I ask you this because I see the public NAT range is a total different one.


So, the syntax is correct, and if you try from a computer on the Internet to telnet 79.132.95.228 80, assuming your router knows how to handle this IP.


The only other thing is to make sure that if there's an ACL applied to the interfaces on the router, it should allow the traffic to pass through.


Federico.

WeidmannsHeil Thu, 03/04/2010 - 14:48

Thank you, Federico, for the reply.


Yes, the address beginning with 79 is the actual address...

I just wanted to replace it with 99 everywhere for reasons of security but failed to in one place.


As concerns the ACL, that's exactly the part I wanted to ask you. I only have what I posted here and I don't know how to extend the ACL (or add another?) so that it not only permits all hosts in the LAN to access internet but also permits all hosts from internet acess 192.168.1.177 on port 80. A NAT statement for it alone doesn't work. Somehow the existing ACL interferes with it.

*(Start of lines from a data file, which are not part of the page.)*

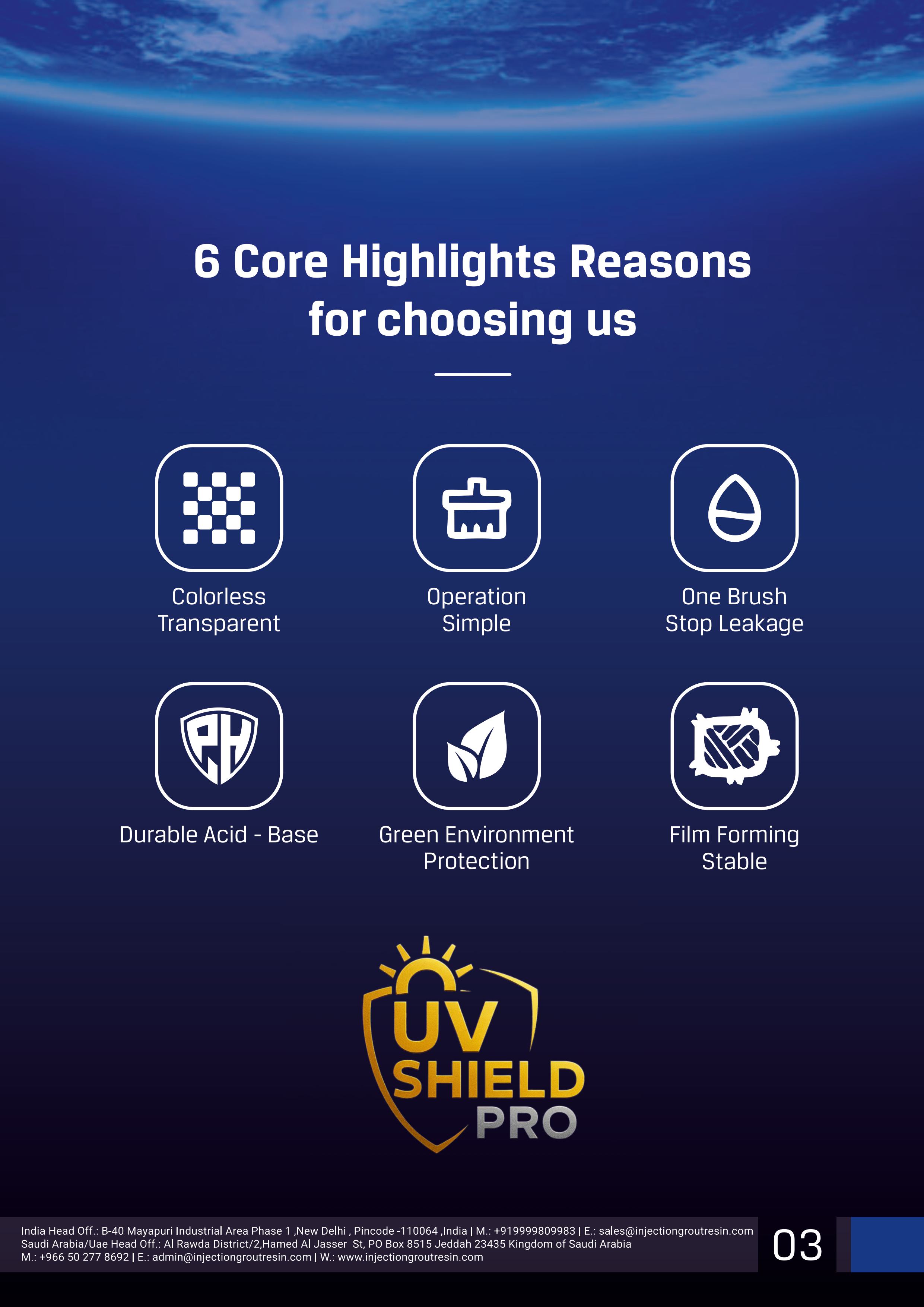 UV Shield Pro Adhesive - detail 4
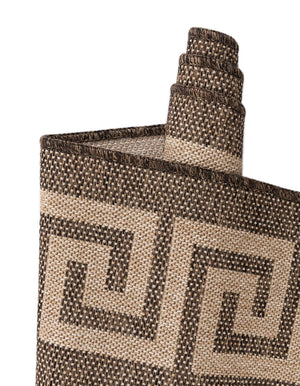 Brown 2' 9 x 8' Dunes Runner Area Rug 100% Polypropylene With Cotton Backing Carpet for Living, Dining, Office, Dorms, Bedrooms for Sale at Rug Engine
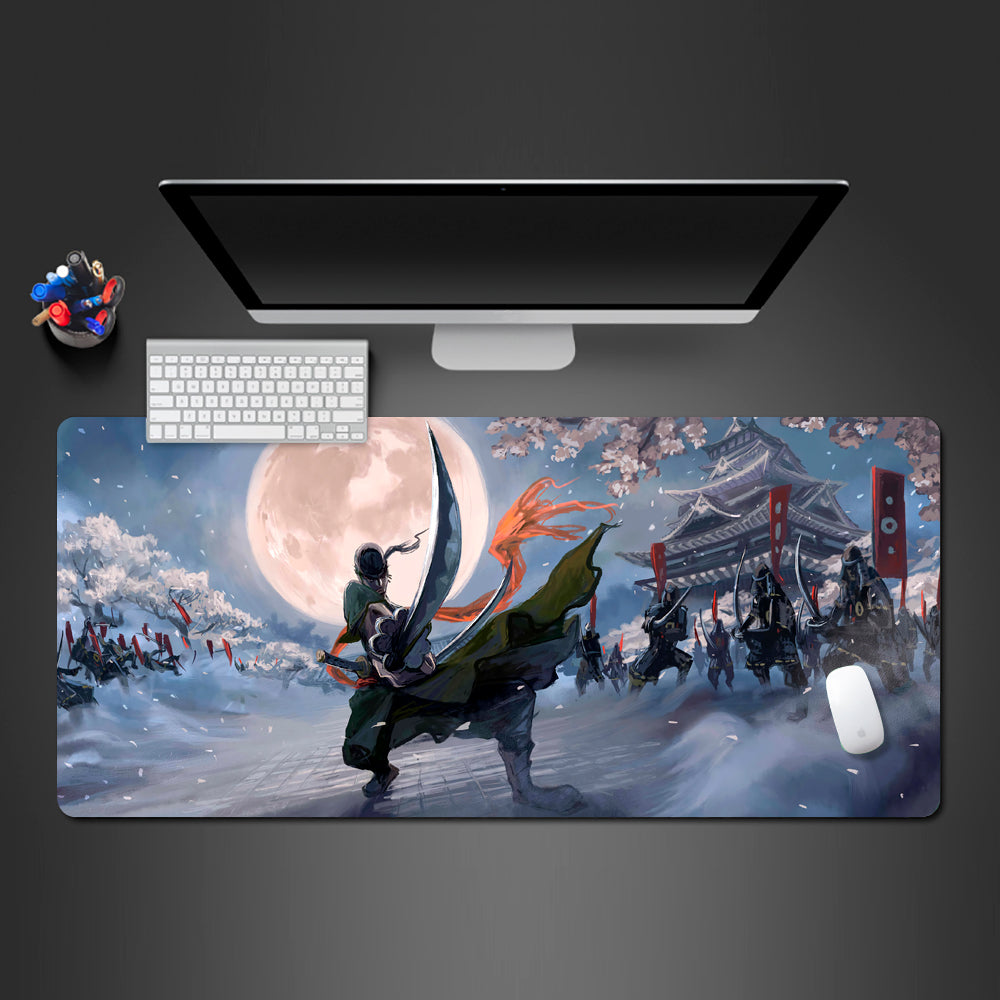 zoro anime desk mat, zoro one piece gaming mouse pad, zoro desk mat, zoro large mouse pad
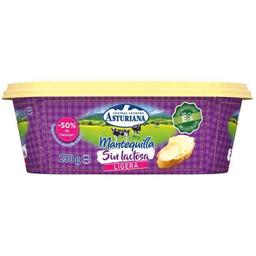 Mantequilla ligera sin lactosa asturiana, tarrina 250 g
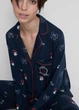Пижамная рубашка Primark boyfriend pyjamas long sleeve XXL для дома и сна Синий (10331) - изображение 2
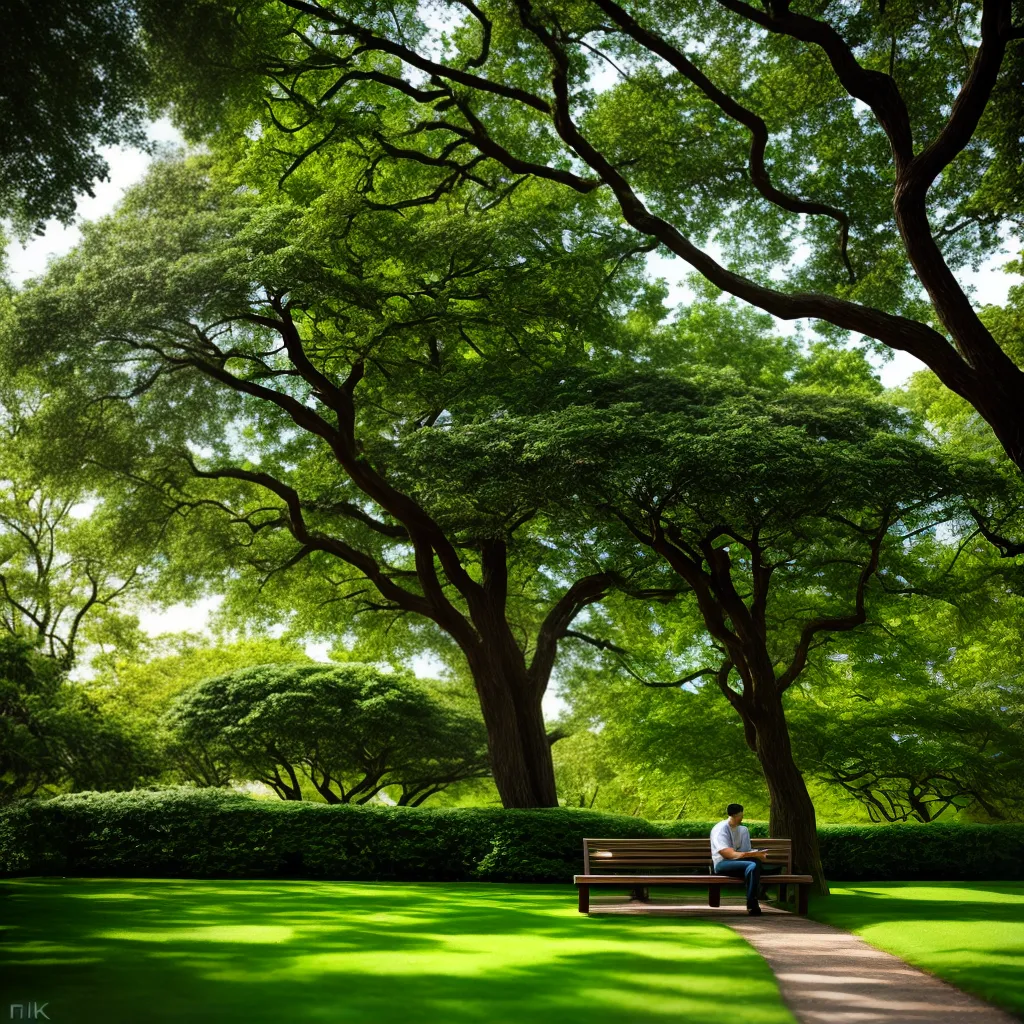 10. Jardins em Sonhos: Descubra todos os seus Significados! 5 Fotos jardim flores arvores banco pensativo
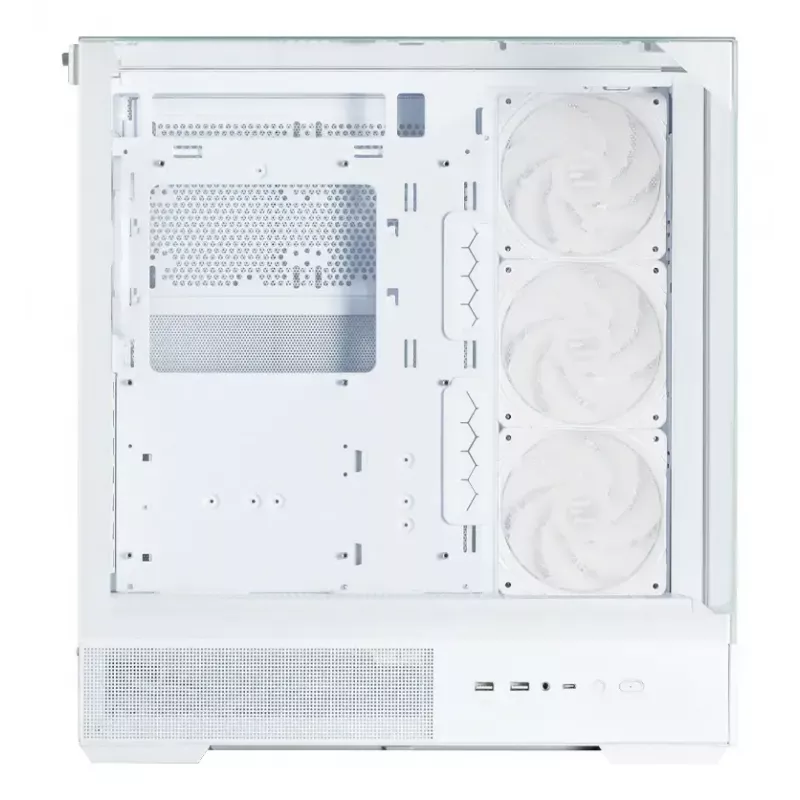 Korpusas PC Zalman P40 Prism Plus White Midi Tower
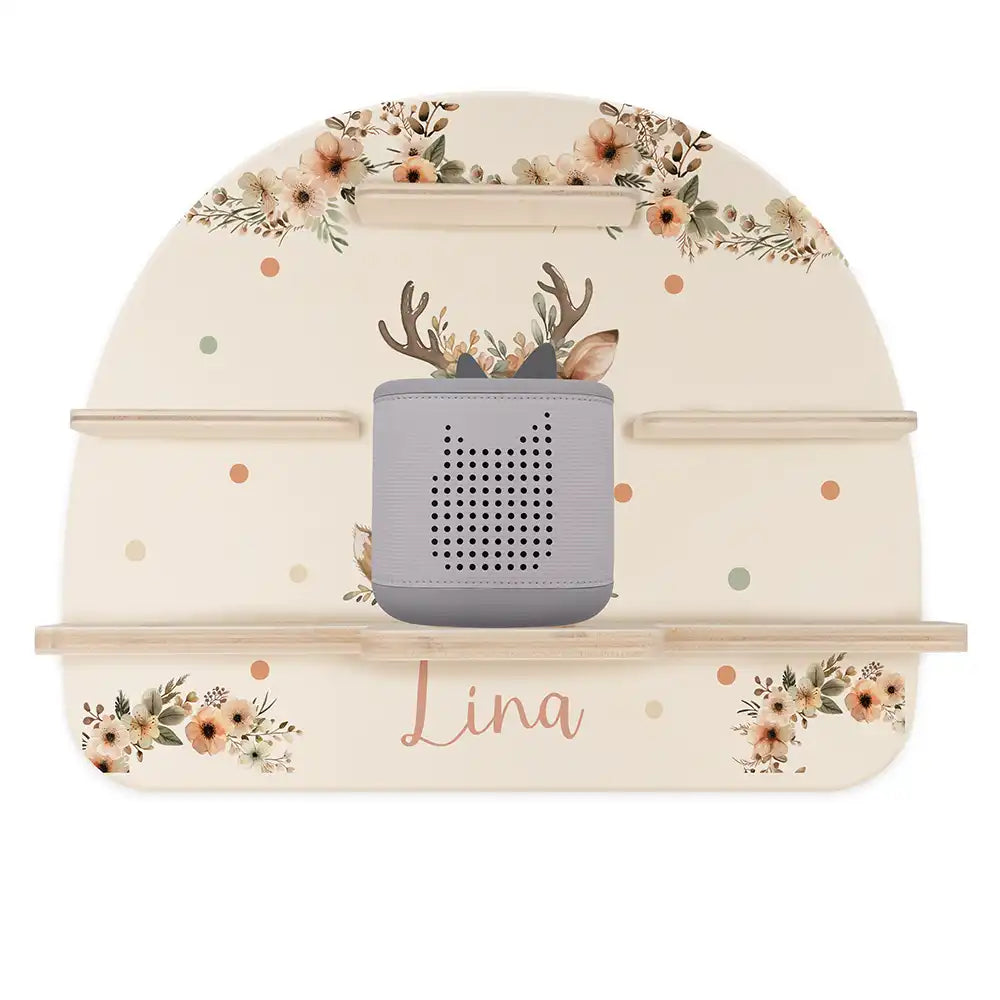 Tonie Regal aus Holz, Toniebox Regal personalisiert Reh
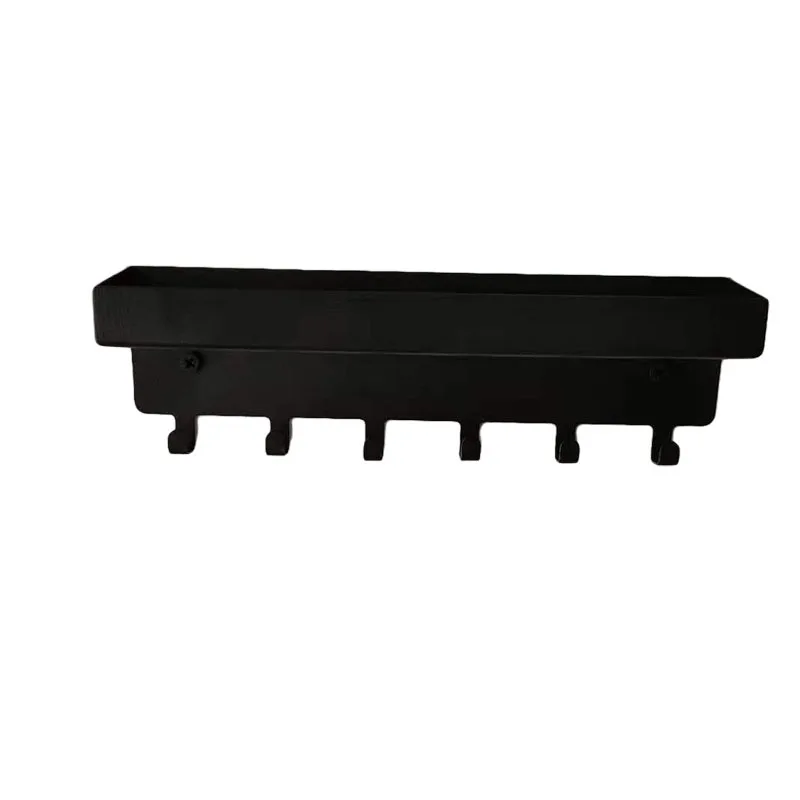

Key Holder For Wall Mount (6-Hook Rack) Decor,Metal Hanger For Front Door,Kitchen,Store House,Vehicle Keys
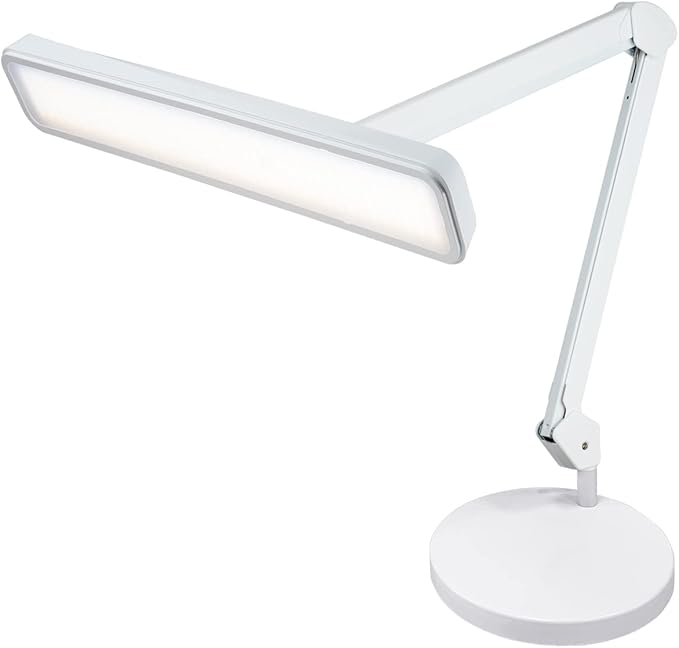 Neatfi XL 2,500 Lumens LED Task Lamp, 30W, 162 Pcs SMD LED, Dimmable, Eye-Caring, Desk Light for Home, Office (Non-CCT with Base, White)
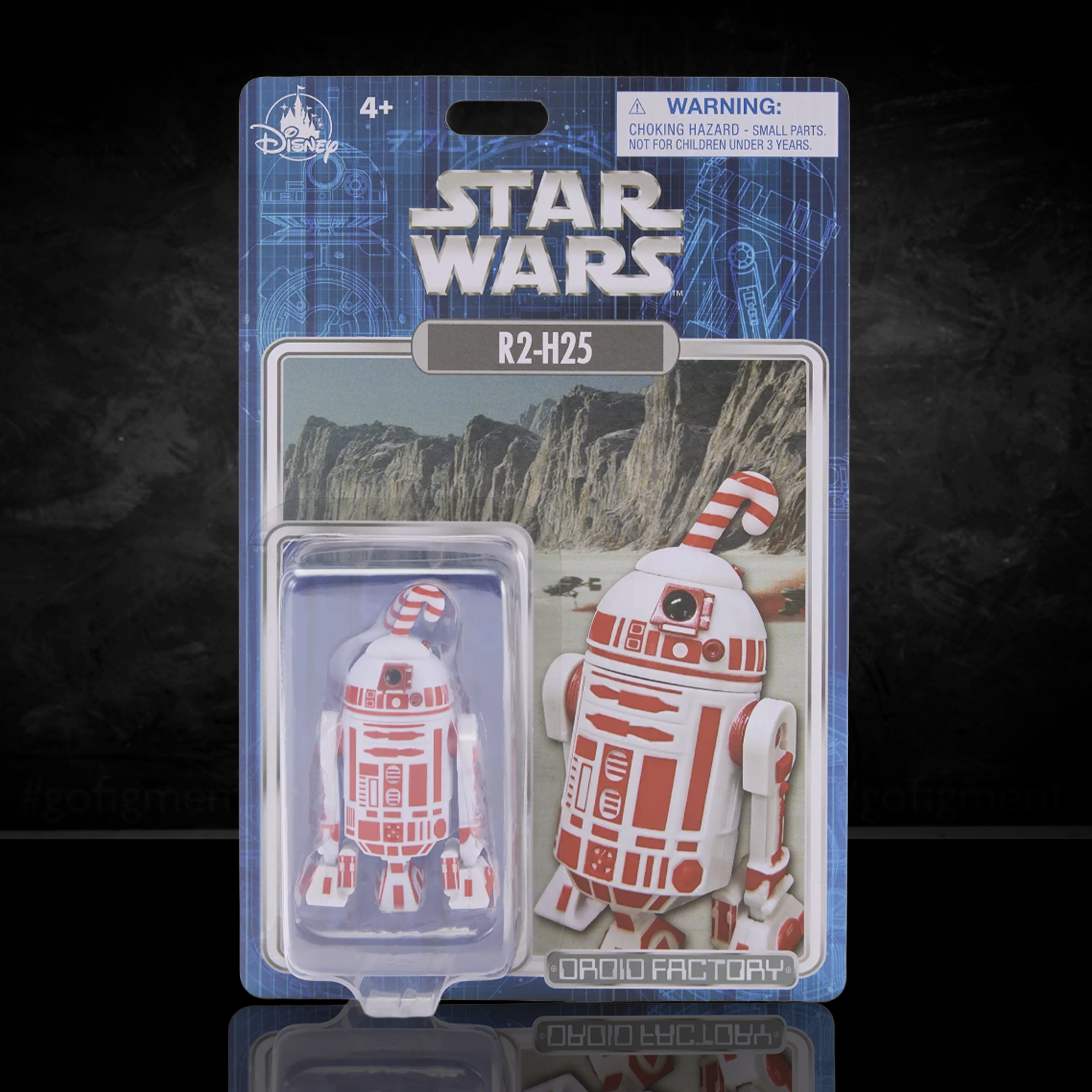 R2-H25 Star Wars Droid Factory 1/18 Scale Action Figure by Hasbro new in box with holiday-themed design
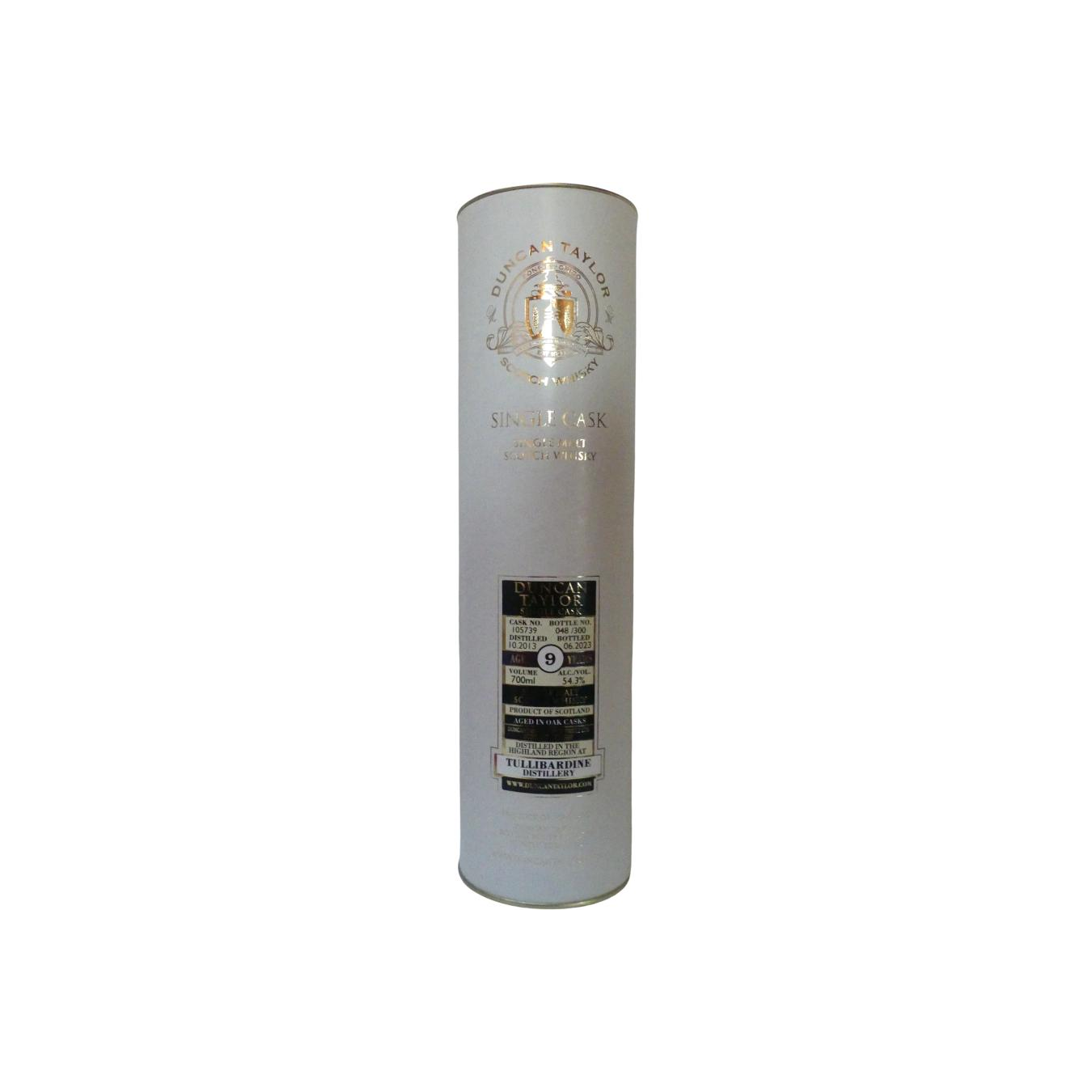 Tullibardine Single Cask 2013 9 Years Single Malt Whisky 2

Federico Coto F... Thu, 03/04/2010 - 15:03

You only need an ACL, if you already have an ACL applied to the outside interface of the Router.


If there's no ACL, by default the router permits all traffic thorugh it.


What is the result from doing the following from the command promtp:


telnet 79.132.95.228 80


If it does not work and there's no ACL applied to the outside interface, as a test do the following:


access-list 199 permit tcp any host 79.132.95.228 eq 80

access-list 199 permit ip any any


interface outside

ip access-group 199 in


Then check the hitcounts, doing a ''sh access-list 199'' to make sure the hitcounts on the first line is incrementing.....

This will let us know if the traffic is indeed reaching the router.


Federico.

WeidmannsHeil Thu, 03/04/2010 - 15:29

1. telnet seems to work: it blanks

the screen and does not complain about anythin

g. But I cannot actually browse the web page at the server

I connected to the inside address.


2. The ACL that refers to 99... address is the actual ACL I have but it's for LAN PCs connecting to the internet.


3. I tried what you suggested as the test. I could enter:


access-list 199 permit tcp any host 79.132.95.228 eq 80

access-list 199 permit ip any any


But:


interface outside

ip access-group 199 in


was rejected as incorrect syntax. And nothing really changed.

WeidmannsHeil Fri, 03/05/2010 - 05:48

Ok, I found a confirmation that static and dynamic NATs really have to

work simultaneously, i.e., I can use an ACL and a static NAT simultaneously, and I don't have to change anything to the ACL:


http://www.cisco.com/en/US/tech/tk648/tk361/technologies_tech_note09186a0080093f31.shtml


So I checked once more all the cables, walked through the configuration, removed anything that I did not need, and now it works. Thank you, Federico, for the support.